The internal structure and composition of the Earth’s inner core (IC) provides realistic conditions for the geodynamo and is essential for the understanding of the outer core (OC) and of the mantle dynamics1. Therefore, it is important to accurately map the spatial distribution of P-wave velocity and attenuation, especially in the uppermost IC (UIC, roughly the top 100 km beneath the IC boundary). Seismological evidence suggests a quasi-hemispherical dichotomy of the UIC2,3, with a meridian separation. It is considered that the quasi-Eastern hemisphere (qEH, commonly assumed from 40° E to 180° E) displays a higher velocity (and lower attenuation) with respect to a 1-D global reference model. The opposite situation is assumed for the quasi-Western hemisphere (qWH, from 180° W to 40° E). Various other studies obtained slightly different boundaries between the two q-Hs, with possible variations of the above limits with depth4,5. Anisotropy in the UIC is also questionable, from an isotropic or weakly anisotropic UIC3,6,7,8, (especially in the qEH), to complex models involving the variation of anisotropy and/or attenuation with depth at the top of the IC9,10,11. Yet, the results related to the UIC anisotropy beneath Africa9 are obtained near a presumed boundary of the two q-Hs, where heterogeneity is routinely difficult to separate from anisotropy.

Attempts to link the available seismological observations to thermal effects near the ICB also considered a (quasi)-hemispherical IC12. Differential arrival times of phases with similar path in the mantle are routinely assumed to be related to the lateral variations of waves’ velocity in the proximity of ICB and/or to irregularities of ICB topography13. Such disturbances with respect to a 1-D global reference model are assumed to be an effect of the lateral variations in temperature or composition of the UIC, but the exact relation chemistry, freezing (or melting) and the velocity/attenuation /topography perturbations cannot be resolved directly by seismological observations14. For example, a convection model of the inner core1,12 predicts freezing in the qWH, centered at G (growth) point around (0, 80°W), and melting in the qEH (around M point, near (0, 100°E). Alternatively, heat is extracted from the outer core by the vigorous mantle convection, large enough to allow heat flowing into the inner core15,16. In such a model, freezing is dominant in the qEH, while a large zone of melting is located in the qWH. At least in some areas, a correlation between the core-mantle velocity pattern and the ICB one is expected. Some thermal models12 require (at least) a degree one spherical harmonic pattern, as described by a (linear) variation in cos(Δ) (where Δ is the angular distance of the PKIKP bouncing point to a certain cold or warm pole). While some observations12 show a linear variation in Δ only, other data sets17 suggested a sharp transition between the two qHs, compatible with models of a translating inner core18.

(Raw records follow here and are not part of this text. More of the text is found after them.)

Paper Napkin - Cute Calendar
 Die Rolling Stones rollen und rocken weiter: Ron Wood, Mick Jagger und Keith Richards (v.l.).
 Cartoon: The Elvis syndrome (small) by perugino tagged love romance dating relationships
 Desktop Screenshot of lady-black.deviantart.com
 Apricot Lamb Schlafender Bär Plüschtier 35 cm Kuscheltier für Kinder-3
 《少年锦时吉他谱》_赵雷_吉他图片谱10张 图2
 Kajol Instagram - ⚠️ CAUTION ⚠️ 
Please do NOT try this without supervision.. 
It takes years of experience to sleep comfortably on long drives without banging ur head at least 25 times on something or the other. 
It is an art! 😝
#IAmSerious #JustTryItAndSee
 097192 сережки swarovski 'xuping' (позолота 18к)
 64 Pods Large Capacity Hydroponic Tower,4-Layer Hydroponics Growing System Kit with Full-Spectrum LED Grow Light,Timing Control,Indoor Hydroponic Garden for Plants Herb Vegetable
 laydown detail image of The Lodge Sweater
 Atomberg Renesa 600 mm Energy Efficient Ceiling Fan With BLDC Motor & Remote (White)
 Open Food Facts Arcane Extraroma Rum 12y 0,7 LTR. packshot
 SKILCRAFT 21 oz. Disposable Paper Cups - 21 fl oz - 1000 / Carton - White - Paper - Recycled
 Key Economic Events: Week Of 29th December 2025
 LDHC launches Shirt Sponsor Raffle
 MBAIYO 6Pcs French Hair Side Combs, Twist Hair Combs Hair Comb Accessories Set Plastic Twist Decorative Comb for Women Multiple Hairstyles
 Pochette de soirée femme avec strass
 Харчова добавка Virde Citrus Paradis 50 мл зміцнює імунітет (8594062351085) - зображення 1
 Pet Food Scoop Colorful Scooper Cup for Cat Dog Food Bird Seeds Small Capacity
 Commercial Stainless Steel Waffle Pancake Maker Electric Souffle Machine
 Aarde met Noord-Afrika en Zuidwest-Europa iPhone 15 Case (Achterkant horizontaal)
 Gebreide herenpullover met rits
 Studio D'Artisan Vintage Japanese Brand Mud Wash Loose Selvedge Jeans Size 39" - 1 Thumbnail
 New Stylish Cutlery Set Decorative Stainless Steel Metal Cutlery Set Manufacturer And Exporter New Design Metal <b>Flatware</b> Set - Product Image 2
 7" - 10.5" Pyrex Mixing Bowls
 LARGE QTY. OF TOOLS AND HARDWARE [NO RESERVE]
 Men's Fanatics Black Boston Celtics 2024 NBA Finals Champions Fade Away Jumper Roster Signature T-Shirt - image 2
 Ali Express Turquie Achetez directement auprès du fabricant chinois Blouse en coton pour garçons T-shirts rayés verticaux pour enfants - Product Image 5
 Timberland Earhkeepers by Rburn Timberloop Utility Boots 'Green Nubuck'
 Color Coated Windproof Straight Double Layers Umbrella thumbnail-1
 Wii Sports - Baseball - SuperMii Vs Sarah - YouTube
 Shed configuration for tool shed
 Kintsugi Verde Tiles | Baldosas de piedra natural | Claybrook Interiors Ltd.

Recently, some local departures from a longitude line separation between the two q-Hs have been reported, challenging the q-H pattern for the deeper part of the core5,11,19,20,21,22,23. To accurately identify their spatial position, a proper knowledge of the velocity pattern in the UIC is needed as well.

Data and preliminary processing

To explain some of the above discrepancies, we analyzed a large data set of high quality PKIKP/PKiKP global observations from 553 earthquakes and two nuclear explosions (1993, October, 5th and 1996, January, 27th). We select mostly intermediate to deep depth events to minimize signal disturbances by the depth phases and short-period scattering effects. Some good recordings from shallow earthquakes are also used, but carefully examined to avoid misinterpretation of the PKiKP by PKIKP depth phases. Earthquakes with a complex source-time function are discarded. The entire list of events can be found as Supplementary Table S1. The observations are made in the distance range 133°–142°. At shorter distances, the arrival times of the two phases are too close to each other. At greater distances, the signal is usually severely disturbed by the high amplitude of the short-period precursors (PKPpre, or PKhKP) anticipating the PKIKP arrival, due to the increasing amplitude of PKP_Bdif near B-caustic point around 145°.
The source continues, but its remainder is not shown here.